Pandora Gibson-Hoare
Nineteen
Seaton flicked through the empty pages of flimsy at the back of the notebook. But there were no more words to find. He had read the entire account. He could barely believe how brave she had been. She had been enormously courageous, given the depth of the delusion she was under. Had she been hypnotised? Autosuggestion was, he supposed, a possibility. He drained his Director’s and went and fetched another pint from the bar. He sat down to ‘Who’s That Lady?’ by the Isley Brothers. It was probably the most cheerful tune on the landlord’s loop-tape, almost recklessly upbeat by the standards set by the rest of it. And the question was pertinent to him.
Who was that lady?
She had gone to see Houdini in New York. She had travelled to Italy for an audience with Aleister Crowley. She was someone who hankered after magic. It was a paradoxical feature of an age assaulted as no age had been before by the onslaught of technology. Four years of world war had accelerated scientific progress, and the stranded Edwardians of the 1920s found it difficult to cope with their new unrecognisable world. Something in them reacted against it. The craze for magic was well-documented. But it was still hard to credit the extent to which an intelligent and travelled sophisticate like Pandora had fallen for shysters like Crowley and Fischer and their assemblage of misfits and freaks. A spawning, for Christ’s sake, Seaton thought. The summoning of a beast, wouldn’t you know. Human sacrifice.

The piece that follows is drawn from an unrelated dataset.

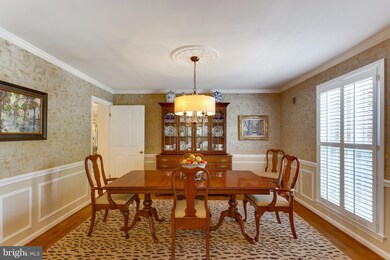 7629 Huntmaster Ln, McLean, VA 22102 - photo 5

He was somewhat puzzled by the references to the boy. Perhaps Peter was some sort of maternal illusion fostered by Pandora’s guilt over her lesbianism. But she hadn’t seemed at all guilty about her sexuality in referring to it herself. She was understandably coy, but she didn’t seem guilty. She was only young and her lifestyle did not exactly point to a hankering for motherhood. Neither did what work of hers he’d seen. No, he doubted the truth lay in far-fetched Freudianism. More likely it was a piece of theatre stage-managed by Fischer, the boy a child act
or, the whole thing a dramatic ruse. There had been a guest from Hollywood at the Fischer house, after all. To anyone but someone as deluded as Pandora had been, that fact alone would have been a certain giveaway.
The quote from Eliot was after Dante, a reference in the first quarter of The Waste Land to Dante’s Inferno. And the inference was obvious. Pandora had sought redemption in magic from a world that reminded her of hell. That was what she depicted in her photographs. Her subjects were grim isolated souls enduring damnation. What he had seen in her portraits as their subjects’ stoicism and ugliness was her own expression of profound despair.
I had not thought death had undone so many.
How could he link Gibson-Hoare in his essay with Eliot’s great nihilistic poem? The answer was that he couldn’t. Because he could not reveal the stolen journal as his source. Seaton paced the pavement outside the empty pub. He kicked a loose stone towards a grid in the gutter. His aim was true enough, but the stone made no sound, so low had the drought caused by the heatwave reduced the water level in London’s sewers. It was left entirely to his imagination to contrive a splash for the lost object.